BradRuderman / pyhs2

MIT License
208 stars 107 forks source link

cur.getSchema() when <date> fields exist throws exception (when field is NULL)? #35

Open BAM-BAM-BAM opened 9 years ago

BAM-BAM-BAM commented 9 years ago

I've been using pyhs2 with a Hortonworks cluster.

I have a simple table with a type "date" field, when I call the cursor::getSchema() function an exception is thrown (KeyError 17).

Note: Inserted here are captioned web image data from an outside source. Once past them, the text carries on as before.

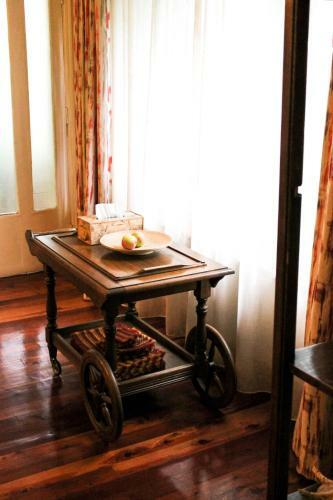 Hostal Zereniti House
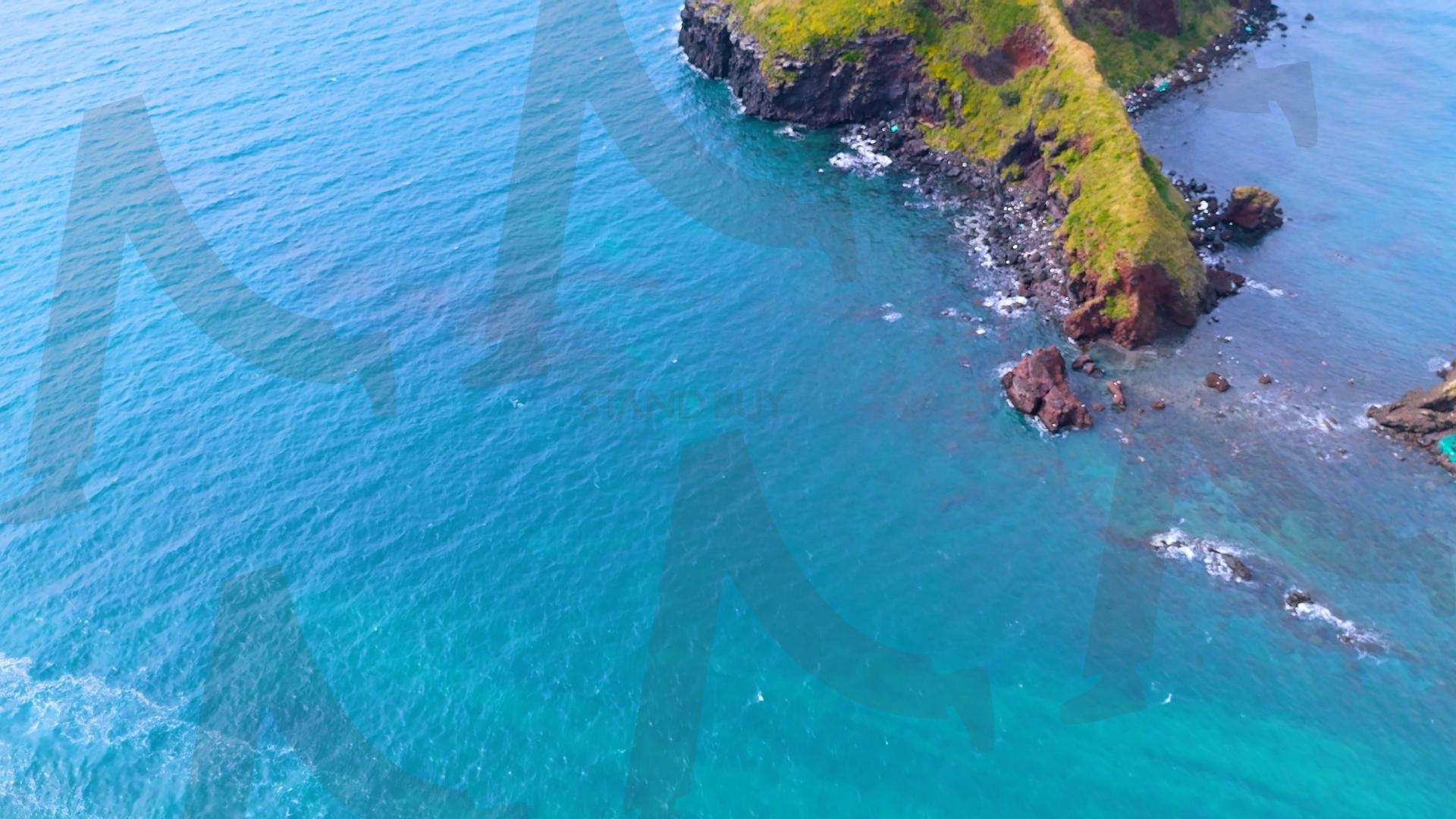 제주도와 차귀도 사이에 있는 와도의 아름다운 바다 풍경을 드론으로 촬영한 영상.겨울 오후 에메랄드빛으로 초록색 힐링되는 잔잔한 파도가 보이는 대자연의 모습 | 제주도, 여행, 힐링, 감성, 차귀도, 풍경, 배경, 와도, 겨울 | 스탠바이 STANDBUY 디지털 콘텐츠
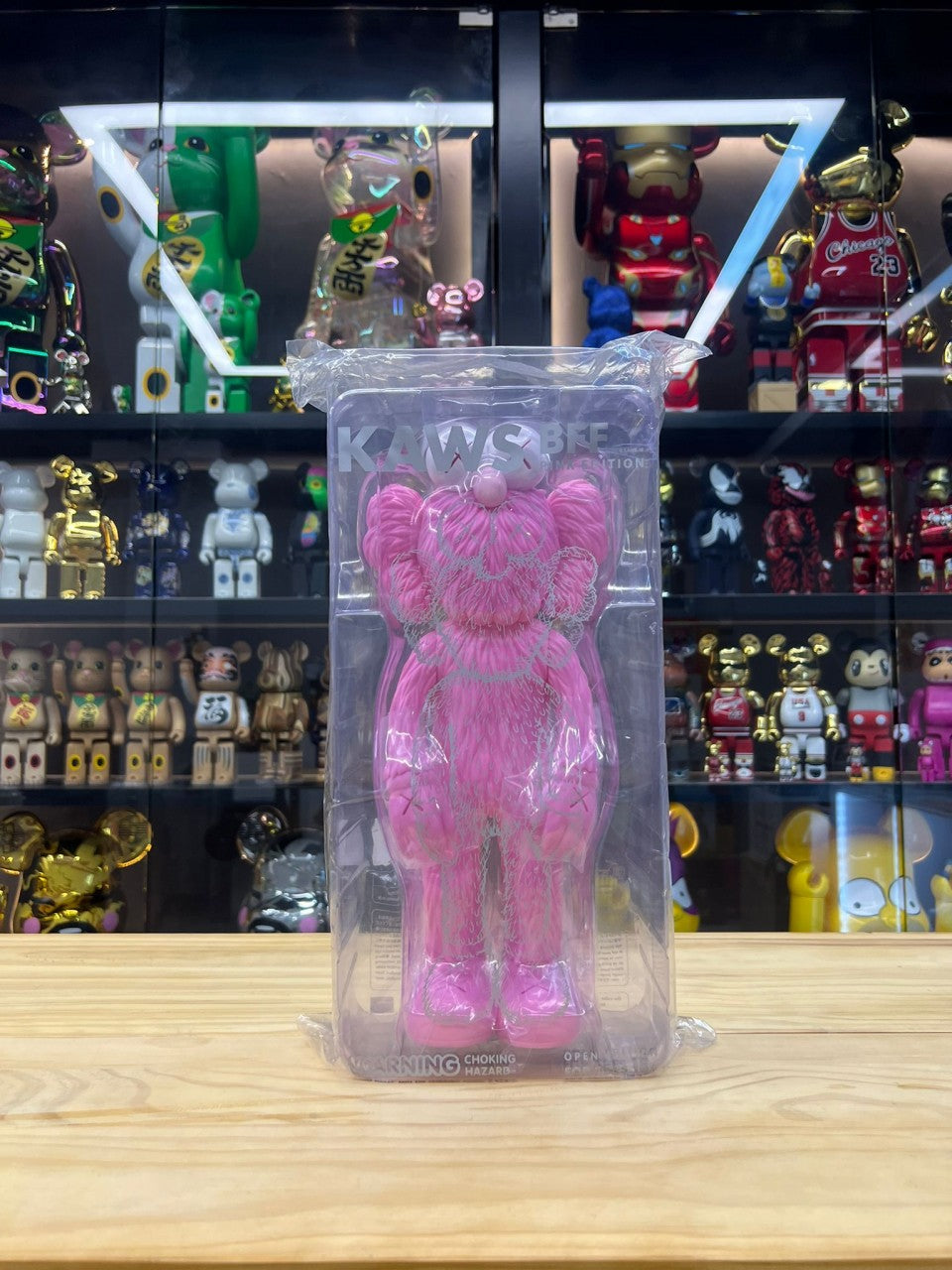 KAWS BFF Open Edition Vinyl Figure Pink outlets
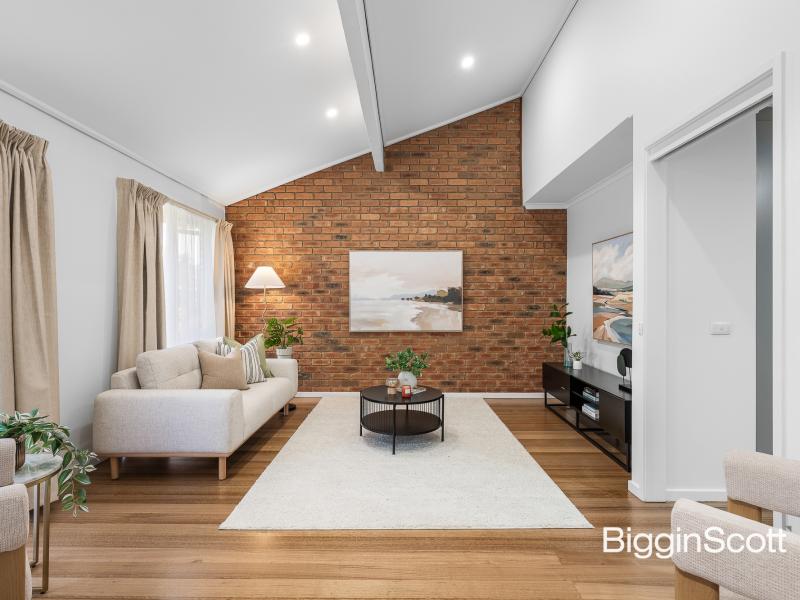 RENOVATED COMFORT IN BRENTWOOD SECONDARY ZONE!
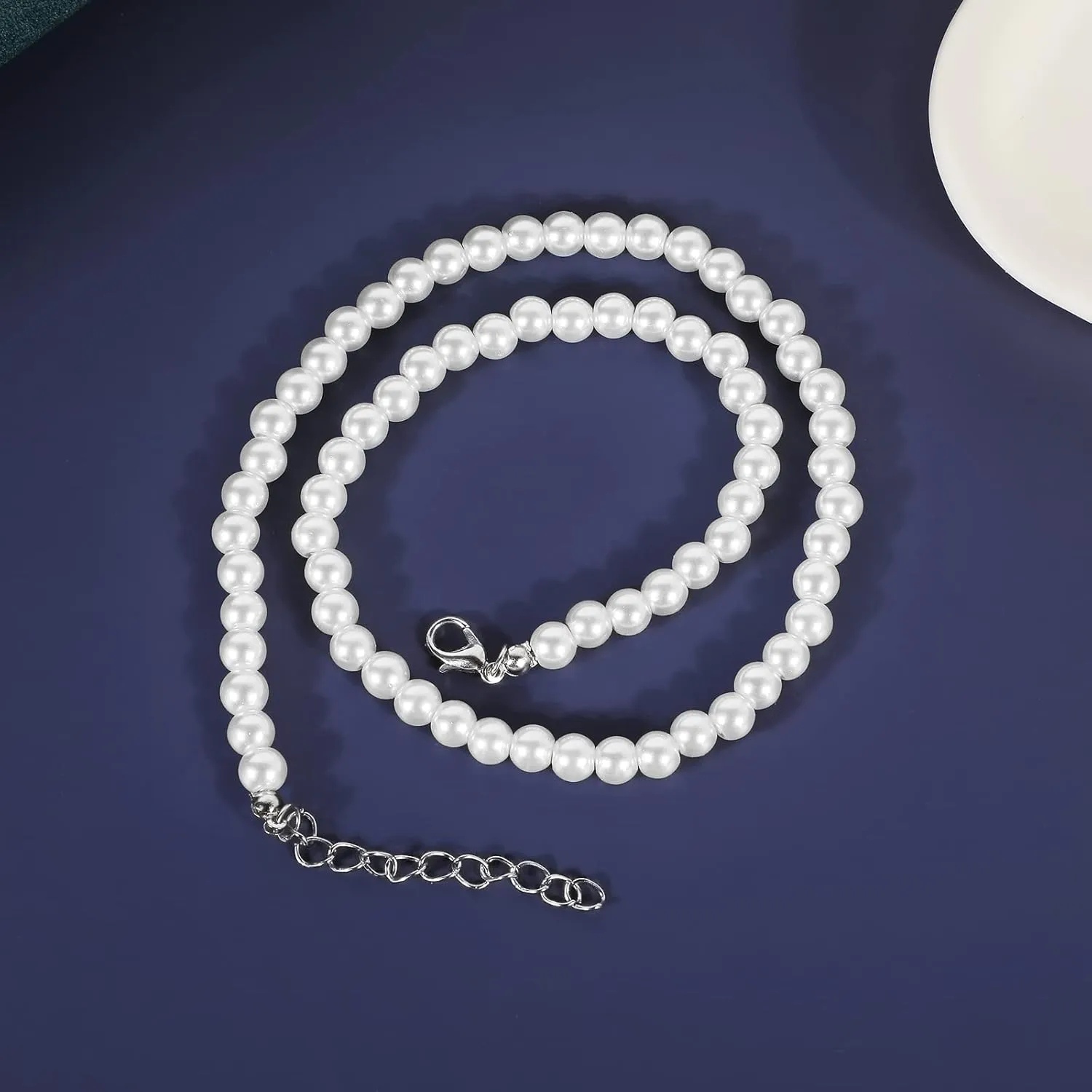 MJartoria Pearl Necklace for Men, 16''-24'' Pearl Necklaces for Women, 6/8mm White Pearl Choker Necklace Trendy Jewelry Gifts for Women Men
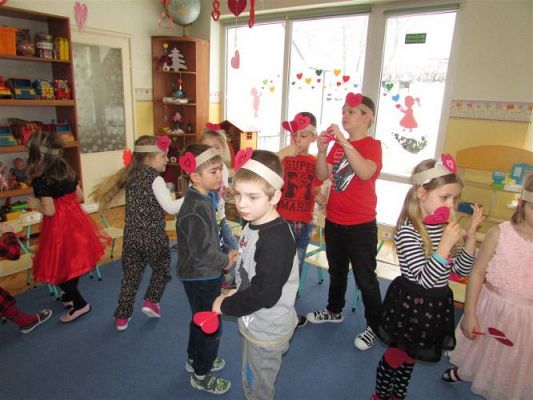 Grafika #69: Walentynki - dzień przyjaźni gr III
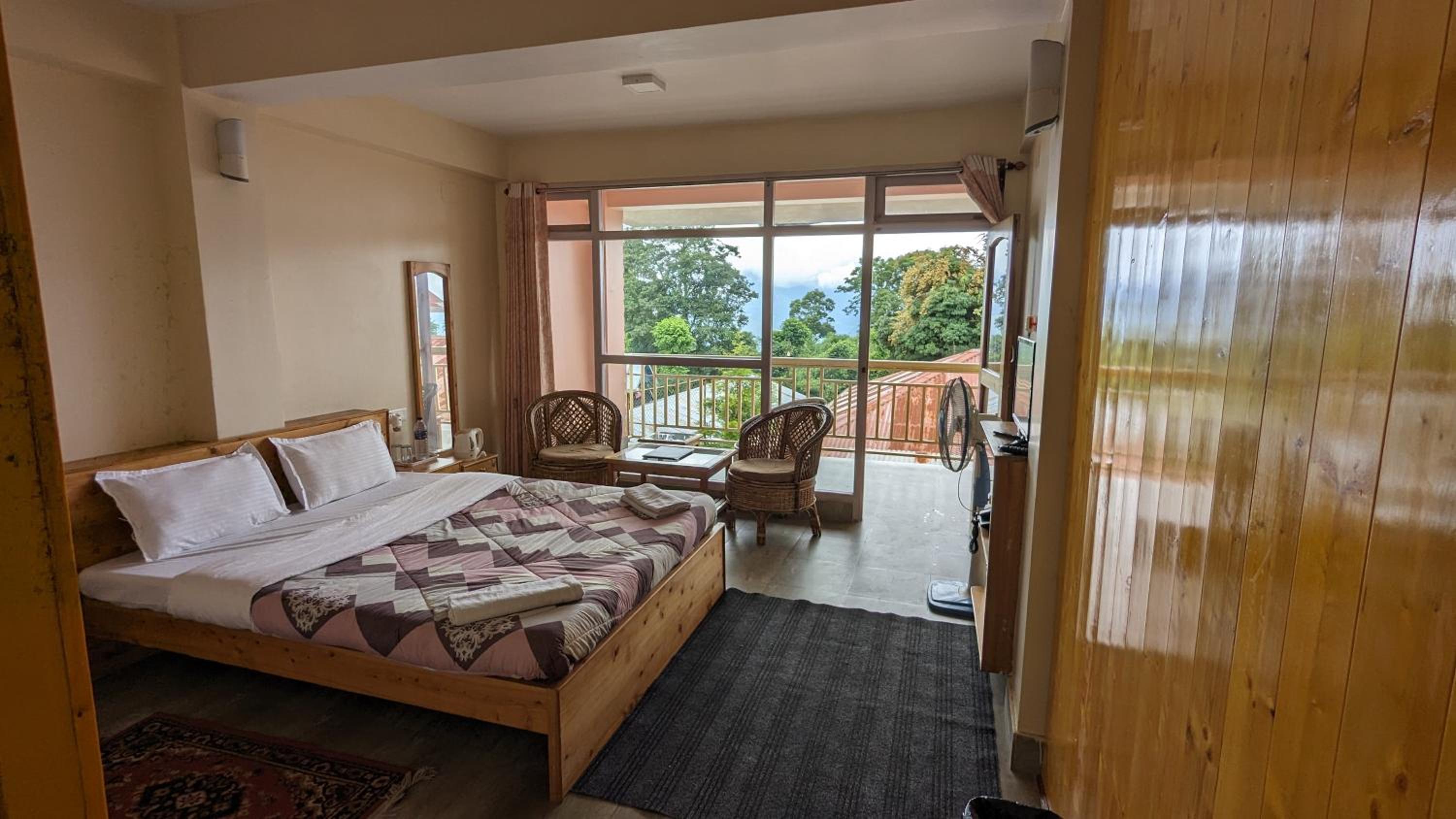 Shikher Guest House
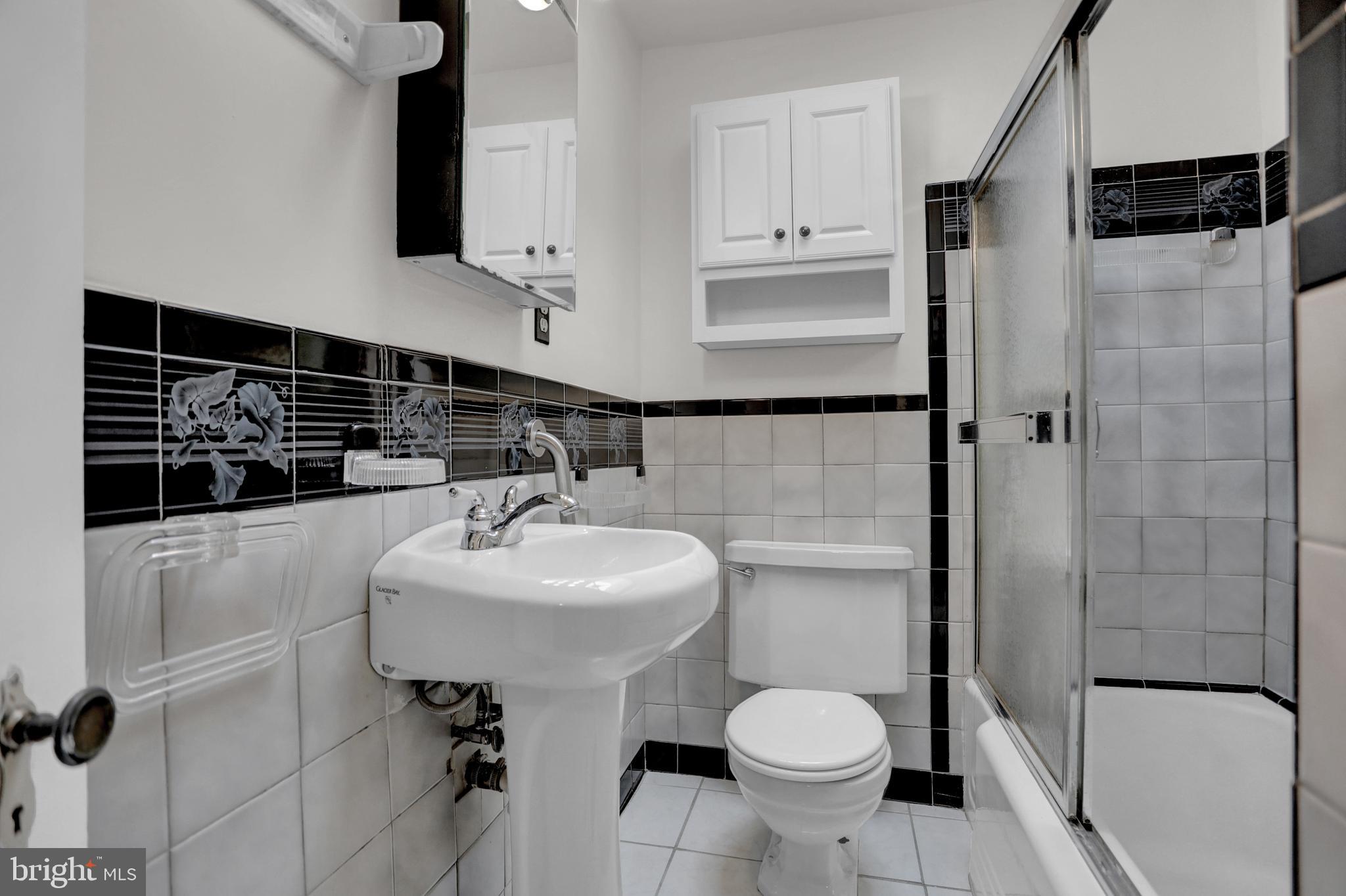 4441 Pen Lucy Road Baltimore, MD 21229 - Photo 12 of 25 Upper Level Bathroom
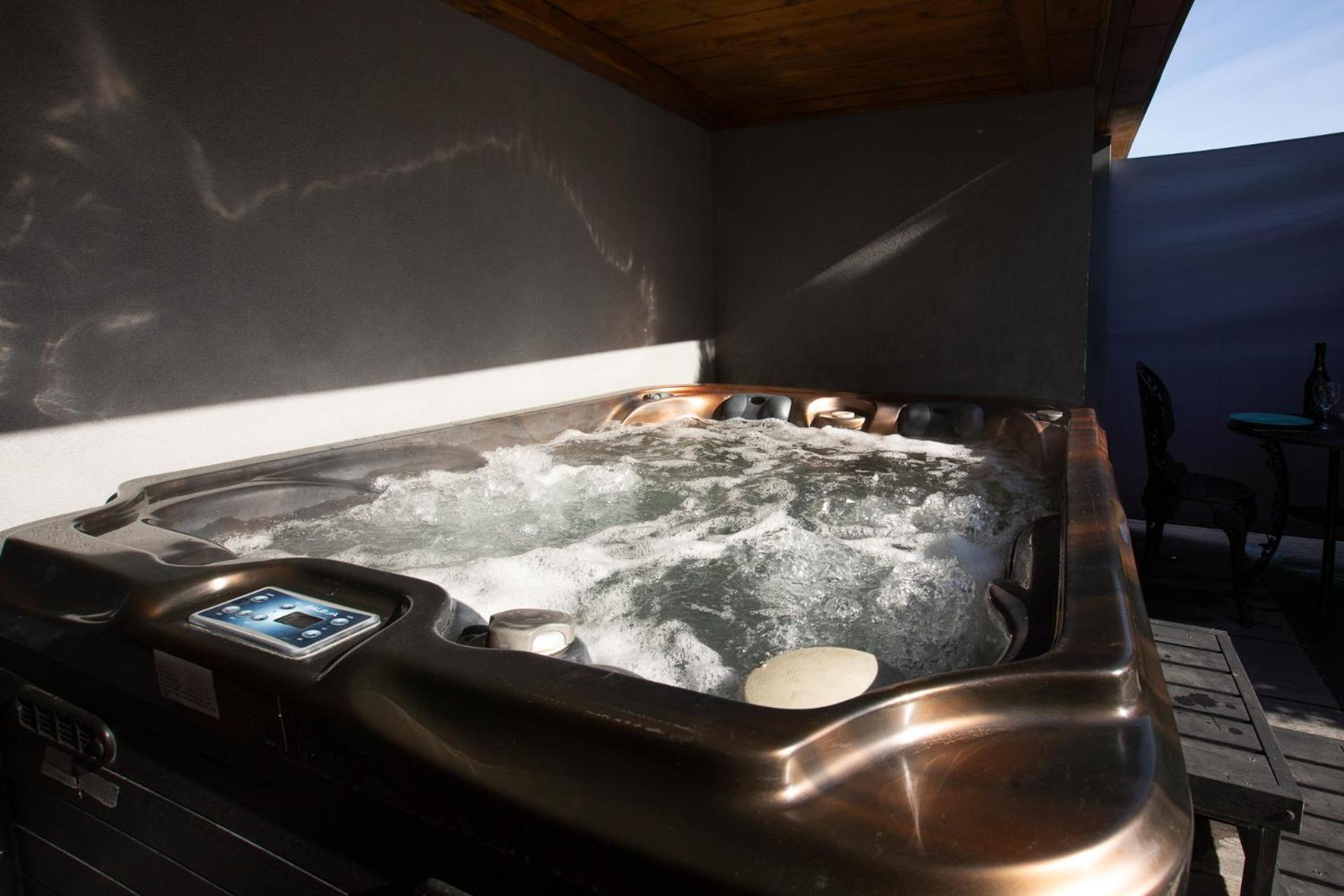 Gites Spa Strasbourg - Studio Romantique, Jacuzzi, Sauna, Terrasse Privee Furdenheim Luaran gambar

I think this only happens when a date field value is NULL.

Here is the table: hive -e 'describe extended test_date' Logging initialized using configuration in file:/etc/hive/conf.dist/hive-log4j.properties OK col_name data_type comment mydate date _c1 bigint

Detailed Table Information Table(tableName:test_date, dbName:default, owner:jprior, createTime:1422053397, lastAccessTime:0, retention:0, sd:StorageDescriptor(cols:[FieldSchema(name:mydate, type:date, comment:null), FieldSchema(name:_c1, type:bigint, comment:null)], location:hdfs://___.com:8020/apps/hive/warehouse/test_date, inputFormat:org.apache.hadoop.mapred.TextInputFormat, outputFormat:org.apache.hadoop.hive.ql.io.HiveIgnoreKeyTextOutputFormat, compressed:false, numBuckets:-1, serdeInfo:SerDeInfo(name:null, serializationLib:org.apache.hadoop.hive.serde2.lazy.LazySimpleSerDe, parameters:{serialization.format=1}), bucketCols:[], sortCols:[], parameters:{}, skewedInfo:SkewedInfo(skewedColNames:[], skewedColValues:[], skewedColValueLocationMaps:{}), storedAsSubDirectories:false), partitionKeys:[], parameters:{numFiles=5, COLUMN_STATS_ACCURATE=true, transient_lastDdlTime=1422053397, numRows=386, totalSize=6910, rawDataSize=6524}, viewOriginalText:null, viewExpandedText:null, tableType:MANAGED_TABLE) Time taken: 2.275 seconds, Fetched: 4 row(s)

Here is how to generate the exception:

ipython

In [1]: import pyhs2 In [2]: cnx = pyhs2.connect(eval("{'host':'', 'port':10000, 'authMechanism':'**', 'database':'default', 'user':'', 'password':'', }")) In [3]: cur = cnx.cursor() In [4]: query = 'select mydate from test_date' In [5]: cur.execute(query) In [6]: rows = cur.fetch() In [7]: rows[:10] Out[7]: [[None], ['2013-12-31'], ['2014-01-05'], ['2014-01-10'], ['2014-01-15'], ['2014-01-20'], ['2014-01-25'], ['2014-01-30'], ['2014-02-04'], ['2014-02-09']]

In [8]: column_names = [a['columnName'] for a in cur.getSchema()]

KeyError Traceback (most recent call last)

in () ----> 1 column_names = [a['columnName'] for a in cur.getSchema()] /edge/1/anaconda/lib/python2.7/site-packages/pyhs2/cursor.pyc in getSchema(self) 196 for c in self.client.GetResultSetMetadata(req).schema.columns: 197 col = {} --> 198 col['type'] = get_type(c.typeDesc) 199 col['columnName'] = c.columnName 200 col['comment'] = c.comment /edge/1/anaconda/lib/python2.7/site-packages/pyhs2/cursor.pyc in get_type(typeDesc) 10 for ttype in typeDesc.types: 11 if ttype.primitiveEntry is not None: ---> 12 return TTypeId._VALUES_TO_NAMES[ttype.primitiveEntry.type] 13 elif ttype.mapEntry is not None: 14 return ttype.mapEntry KeyError: 17
BradRuderman commented 9 years ago

what version of hive?

BAM-BAM-BAM commented 9 years ago

Hive 0.13.0.2.1.4.0-632